More than 1,700 California lawyers suspended for failure to comply with new trust account rules
The State Bar of California adopted the Client Trust Account Protection Program after attorney Tom Girardi was accused of stealing more than $18 million from clients. Image from Shutterstock.
More than 1,700 California lawyers have failed to comply with new trust account rules, leading to their administrative suspensions.
About 2,000 California lawyers were initially placed on involuntary inactive status for failing to comply, but the number out of compliance had dropped to more than 1,700 as of July 25, Law 360 reports.

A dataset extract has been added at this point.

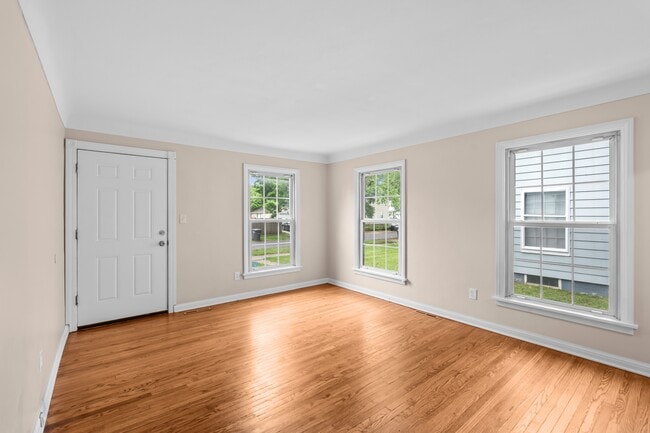 Building Photo - 1502 Schuyler Rd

The Los Angeles Times reports, however, that more than 1,700 were initially placed on inactive status, and the number had dropped to 1,641 as of July 28.
The State Bar of California adopted the Client Trust Account Protection Program after attorney Tom Girardi was accused of stealing more than $18 million from clients. The bar had opened 205 disciplinary matters over four decades against Girardi, with only three leading to disbarment. A review later concluded that some complaints were likely closed improperly.
The new program requires lawyers to report whether they are responsible for client trust accounts, to provide basic account information, to complete an annual self-assessment, and to certify that they comply with ethics rules related to safeguarding client funds, according to a October 2022 press release.
The deadline for compliance was April 3. Those who didn’t comply were fined $75 and informed that they had until June 30 to come into compliance, according to the Los Angeles Times. The administrative suspensions began in July.
The new rules are intended to help the state bar prevent attorney theft. Steven Moawad, the special counsel overseeing the trust account program, told the Los Angeles Times that the suspensions are for nonreporting. But some lawyer may have declined to report “because they were stealing money from their trust accounts and they didn’t want to be found out,” he said.
There may also be some instances in which a licensed lawyer has died, but no one notified the state bar, Moawad said.
“There could be any number of reasons” for not reporting, Moawad told the Los Angeles Times.